Les réalités statistiques et les principes du droit ne correspondent pas toujours à la perception d'une opinion publique pour qui la prison doit rester la principale réponse à la délinquance. En mars, un sondage CSA publié dans Le Figaro montrait que 77% des Français (et 72% des sympathisants de gauche) se disaient "d'accord ou favorable au renforcement ou au maintien des peines plancher pour les récidivistes". Et 90% prêts à obliger "tous les condamnés à purger au minimum les trois quarts de leur peine de prison".

"Les Français ont du mal à comprendre le fonctionnement de la justice et pourquoi une personne condamnée à de la prison sait dès le départ qu'elle n'effectuera pas sa peine en totalité", explique à francetv info Jean-Daniel Lévy, de l'institut de sondages Harris Interactive. "Aujourd'hui, entre une protection de court terme et une construction sur le long terme, on cherche davantage à se mettre à l'abri sur le court-terme." Et donc à plébisciter l'enfermement, "dans un contexte global d'opinion davantage tournée vers la répression que vers la prévention", ajoute-t-il.

Et la droite promet de peser de tout son poids contre la réforme pénale. "Je lancerai, avec d'autres maires, dans les jours qui viennent, une pétition nationale pour mettre en échec Madame Taubira, afin qu'elle ne puisse plus nuire à l'équilibre de notre démocratie avec cette réforme pénale", a par exemple annoncé Christian Estrosi, député-maire de Nice, sur France 2. Non sans verser dans l'amalgame, puisqu'il évoque le cas du meutrier de Marignane alors que la peine de probation ne s'applique pas aux crimes.

Un dilemme politique pour François Hollande

Se montrer intraitable sur le plan de la sécurité, ou assumer une politique pénale moins sévère suggérée par les experts ? Outre le débat idéologique et pratique, cette ligne de fracture pose un problème politique à la majorité socialiste.

Contrairement à l'écrasante majorité des Français, la base militante du Parti socialiste, et plus encore les Verts, principal partenaire du PS, sont très sensibles aux arguments développés par Christiane Taubira.

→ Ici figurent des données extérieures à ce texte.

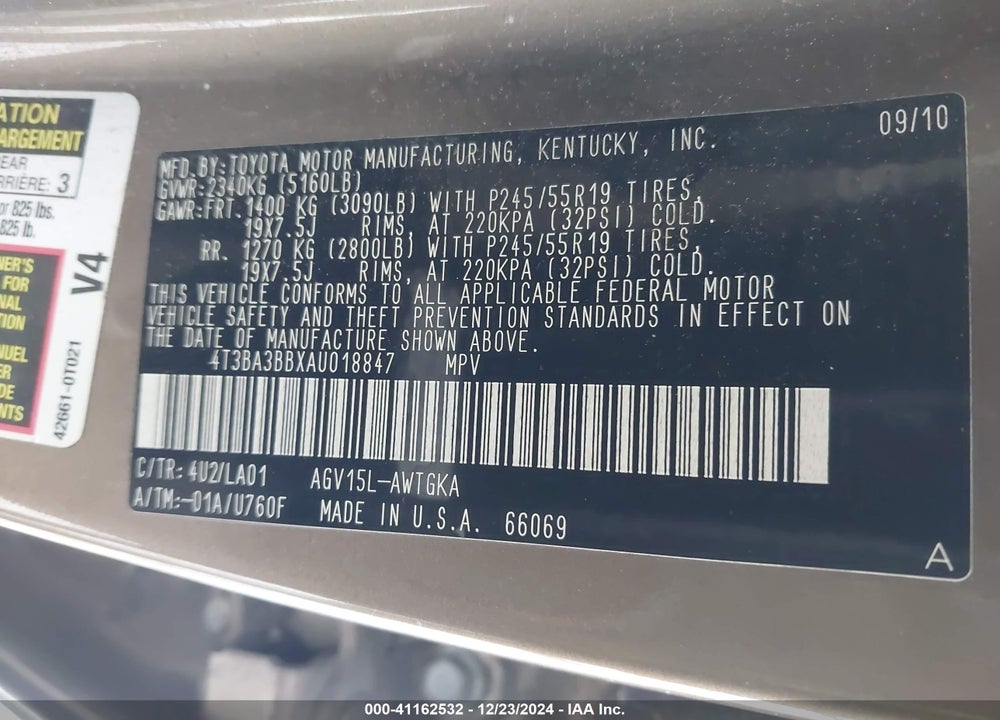 2010 TOYOTA VENZA VIN: 4T3BA3BBXAU018847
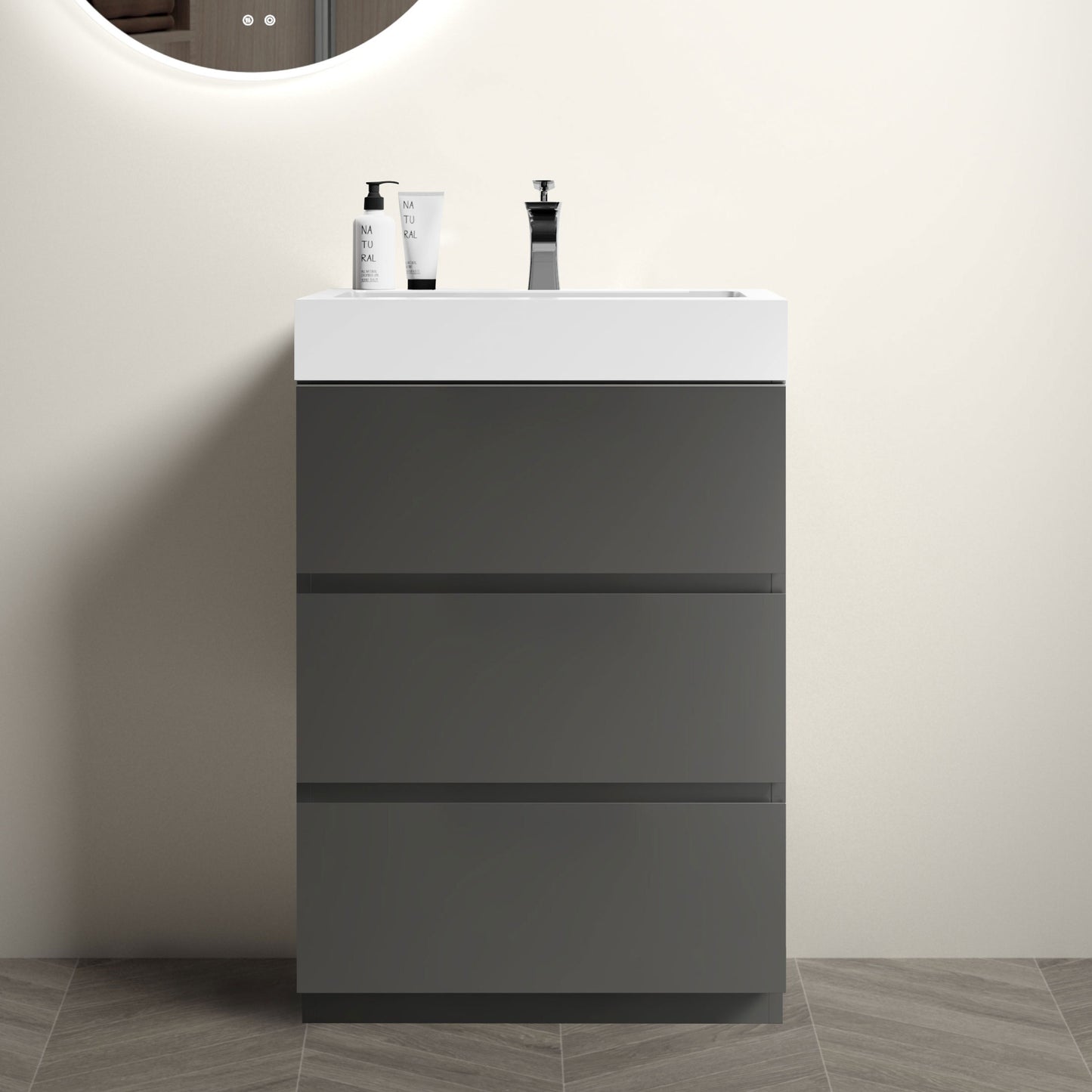 Alice-24F-102,Floor cabinet WITHOUT basin,Gray color,With three drawers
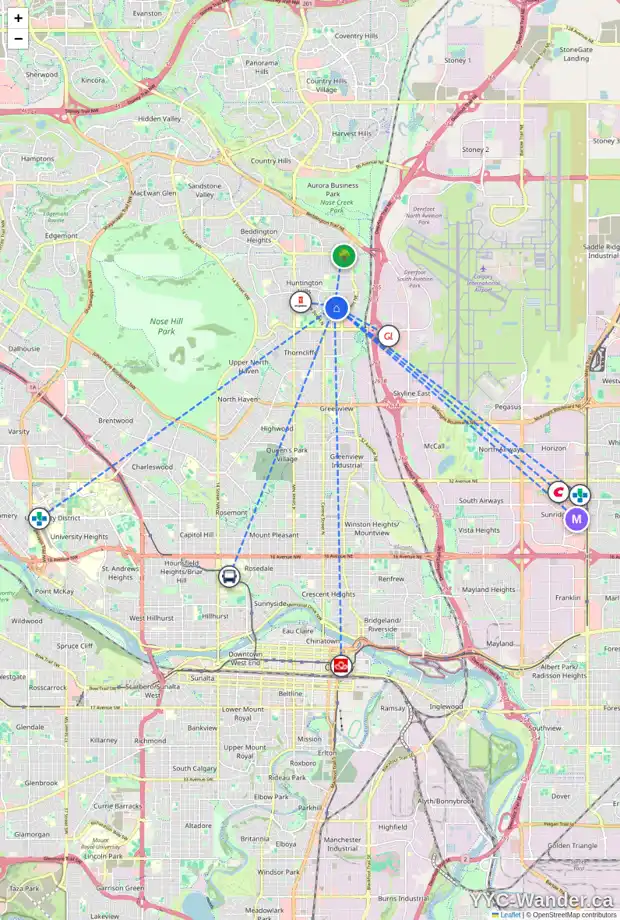 Daily accessibility map for 6832 HUNTCHESTER RD NE, Calgary showing nearby schools, grocery stores, parks, LRT stations and nearby amenities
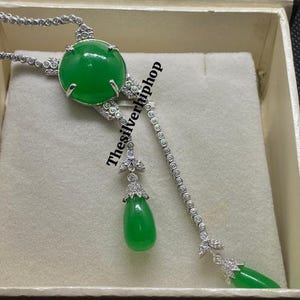Victorian Sterling Silver Jadeite Heart Pendant Necklace: Bridal Jewelry
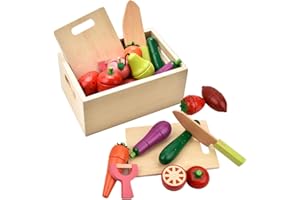 CARLORBO Wooden Cutting Play Food set - Pretend Children Play Kitchen Food Wooden Cutting Vegetables set Wooden Toys for 2 3 Year Olds
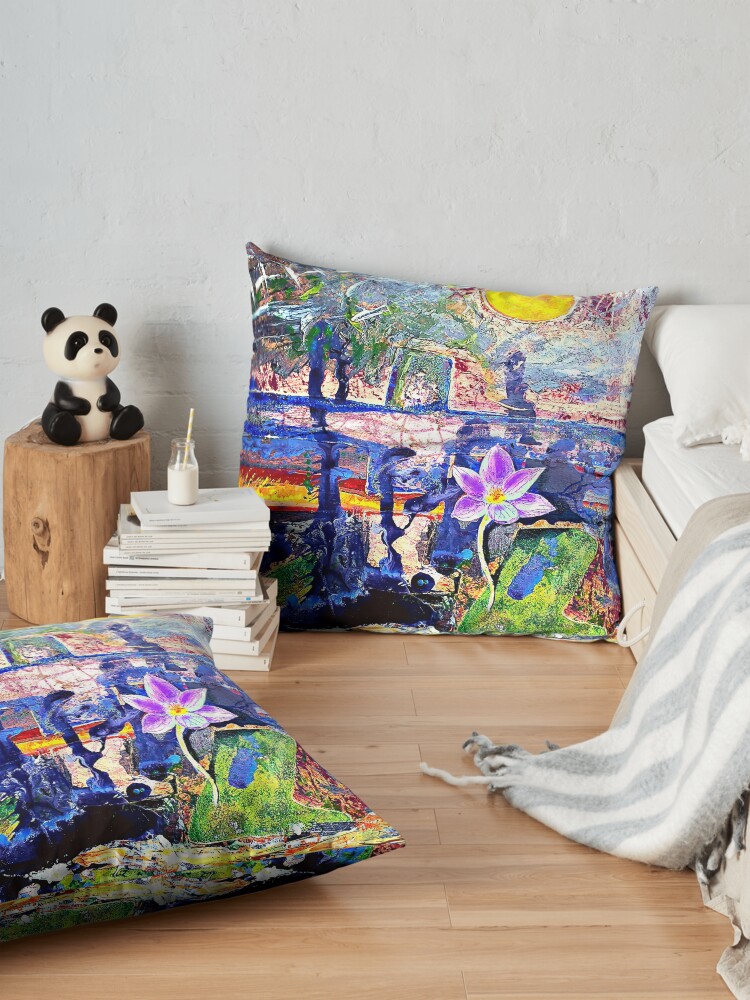 Alternate view of Flower Under a Darkening Sky. Original bright contemporary abstract acrylic artwork. Perfect gift for art lovers. Floor Pillow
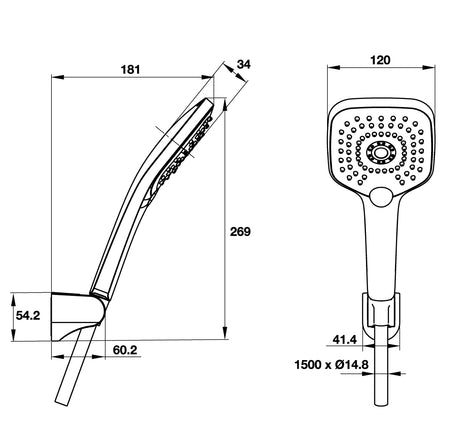 Bộ sen tay Hafele - AirSense 120S - 485 60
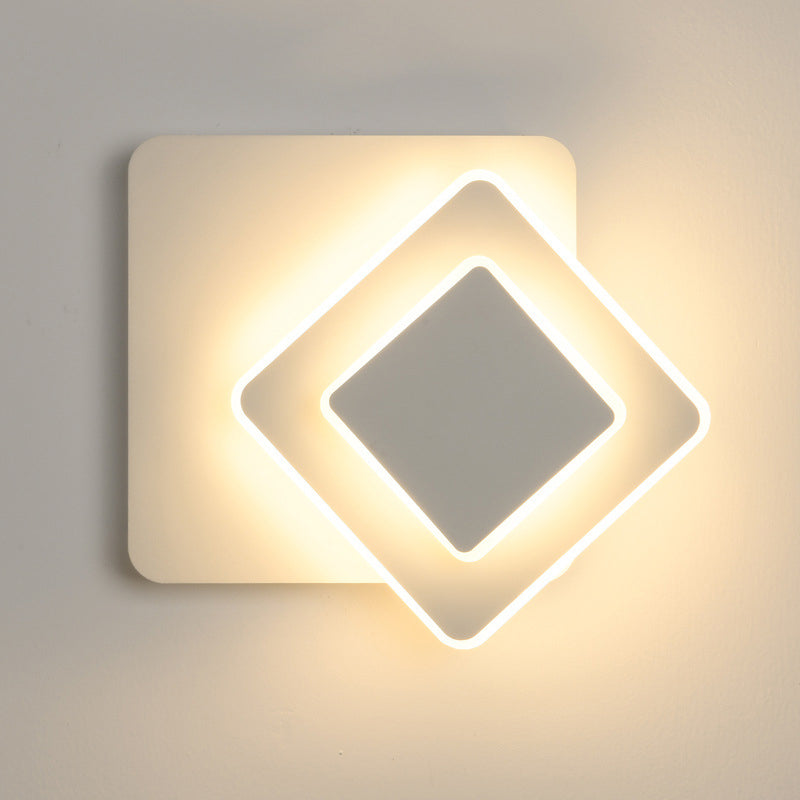 Nordic Style Metal Wall Light Geometric Rotatable LED Wall Sconce for Bedroom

La ministre de la Justice a d'ailleurs été ovationnée samedi à La Rochelle, deux jours après avoir fait sensation devant les militants EELV réunis à Marseille. Problème : dans le même temps, le ministre de l'Intérieur, Manuel Valls, tient un discours de fermeté aux antipodes qui plaît, cette fois, chez les cadres socialistes et les élus locaux. "Vous envoyez Valls me soutenir pour ma campagne, ça me fait gagner 1 000 voix, vous m'envoyez Taubira, ça m'en fait perdre 3 000", imagine un cadre du PS candidat aux municipales de 2014, interrogé par francetv info.

Le virage social-démocrate du PS, assumé et mis en œuvre par François Hollande, a laissé des traces à gauche. Le président de la République ne peut se permettre de laisser se former une nouvelle ligne de fracture, cette fois sur les questions sociétales. L'exécutif en a conscience. "La sécurité et la justice sont les deux fronts d’un combat unique. (...) Il n'y a pas deux approches, deux politiques, mais une seule ligne au sein du gouvernement que je conduis : celle de l'efficacité", a martelé Jean-Marc Ayrault dimanche à La Rochelle.

Le Premier ministre en a profité pour dévoiler une partie des arbitrages à venir sur la réforme pénale, qui devraient ainsi ménager la chèvre et le chou : "Plus de peines automatiques parce que la justice efficace repose sur le principe d'individualisation de la peine, mais plus de libérations automatiques non plus parce qu'il n'est pas responsable que 80% des sorties de prison se fassent sans mesures de suivi ni d'accompagnement."